I have googled up and found some post out there about "Dura-Ace C24 vs. Racing Zero" and seems to be pretty much 50/50. Any recommendation? 
This is my first road bike, a little overkilled eh. 

I have been mountain biking for years, always had custom wheelset such as Chris King, DT 240s, Industry Nine, etc instead of manufacturer wheelset like Mavic Crossmax or Shimano XTR (Dura-Ace in mtb world). Seems like road bike is a different story and many are manufacturer wheels.

Back to the point, the C24 and Racing 0 are similar price and both are tubeless. I was told the C24 is more of a climbing wheelset? I am in Toronto, Canada. Most riders are telling me there are no hills here so I shouldn't get C24. Another rider told me Fulcrums are heavy, for the price I am willing to pay, I can get carbon rims like C24 or some unknown brand carbon aero. But the Racing Zeros have carbon hub, ceramic bearings and aluminum spoke.

So far, I think these are the Pros of the two wheelset

C24
Carbon Rim
Lighter Weight
Steel spokes = cheap to replace

Racing Zero
Ceremic Bearing
Flashy look?
Campy is better then Shimano overall?

Which one is more aero? I was even considering Zipp 303 or 404 as there are no hills in Toronto. But how much benefit will I get with aero wheels in group ride anyways? Enve or 303s might be my next set, I was thinking of one set of aluminum rim and one set of aero.


----------



## icsloppl (Aug 25, 2009)

I currently have Racing 1's and have ridden the CL's several times but don't own them.

IMO -

It depends mostly on how heavy you are, what type of overall feel you're trying to create, and how crappy your road surfaces are.

They are both very aero for a conventional rim depth and are superb in crosswinds. The CL's feel like they spin up faster and are easier to accelerate overall. The Fulcrums hold speed better perhaps, particularly at > 25mph or so.
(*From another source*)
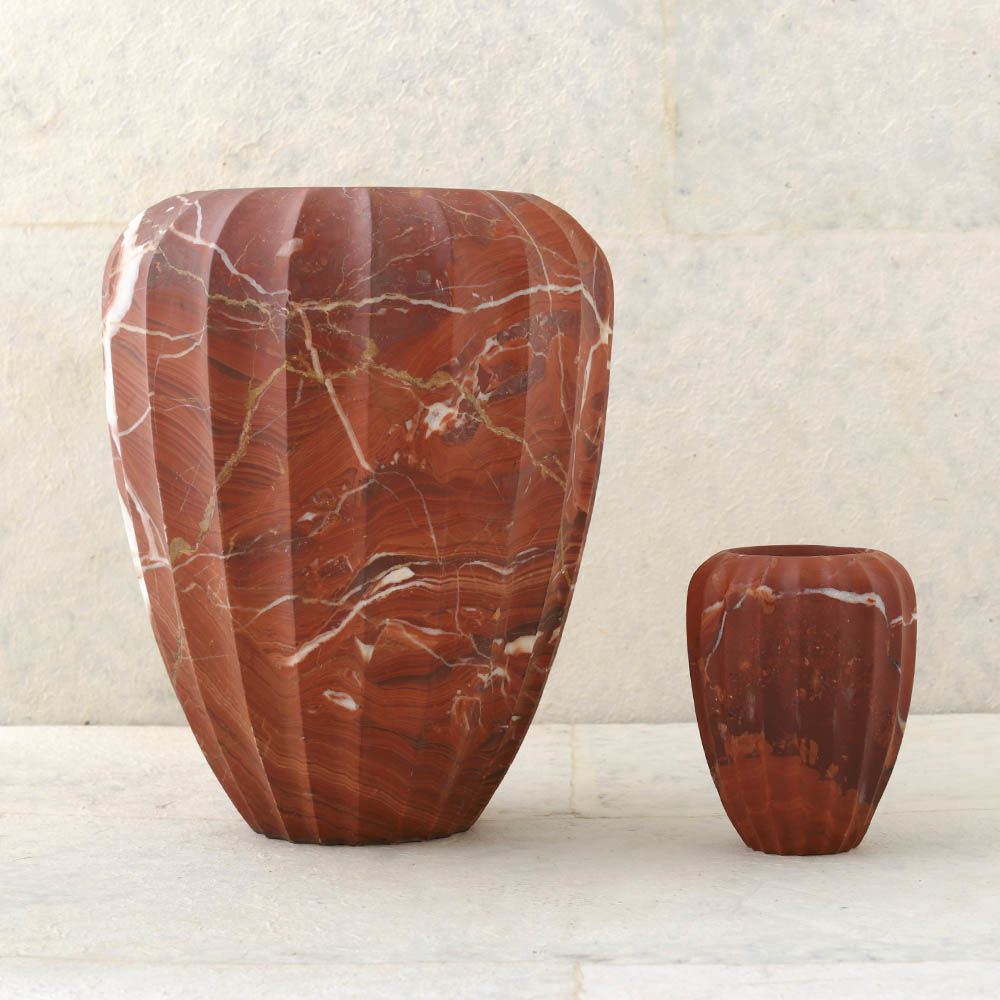 开云（中国） - 附件|花器|办公家具|设计师家具|凹槽花瓶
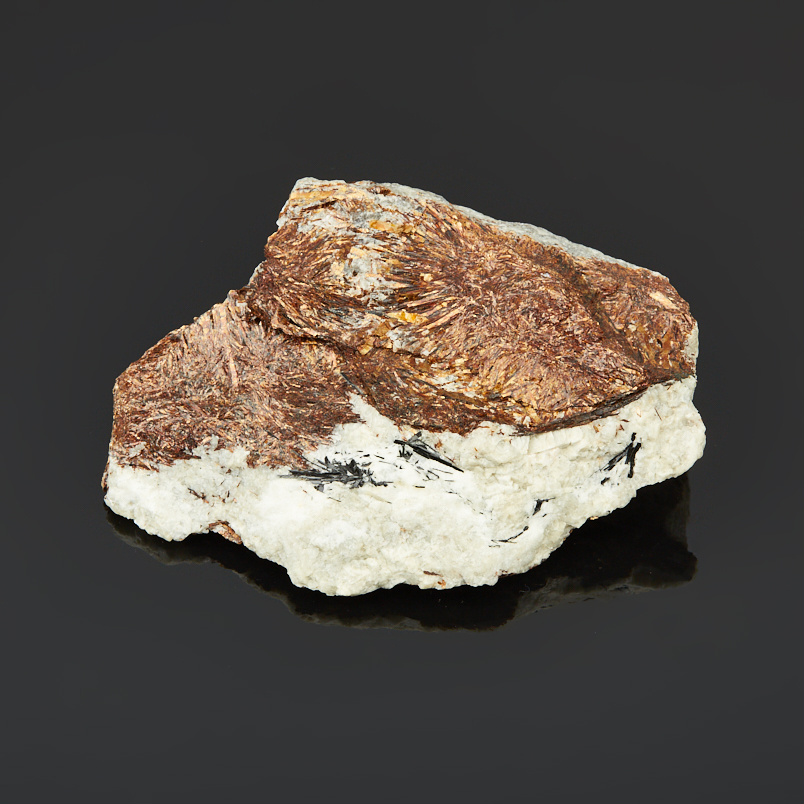 Образец астрофиллит Россия (7-12&nbsp;см)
The thing about the Fulcrums is that they are just deadly stiff. Most people who see this statement will think "Yeah, that's a plus. Who wants wheel flex?". They are different. If you're not over 180lbs or so, be aware. They are super-tough, but there is a price to pay.

The CL's on the other hand have are one of the best (in my experience the best) feeling wheels available. Class, composure, acceleration, just a beautiful thing.


----------



## ukbloke (Sep 1, 2007)

If you go with the DuraAce C24, make sure you get the TL version if you want to go tubeless, not the CL version.


----------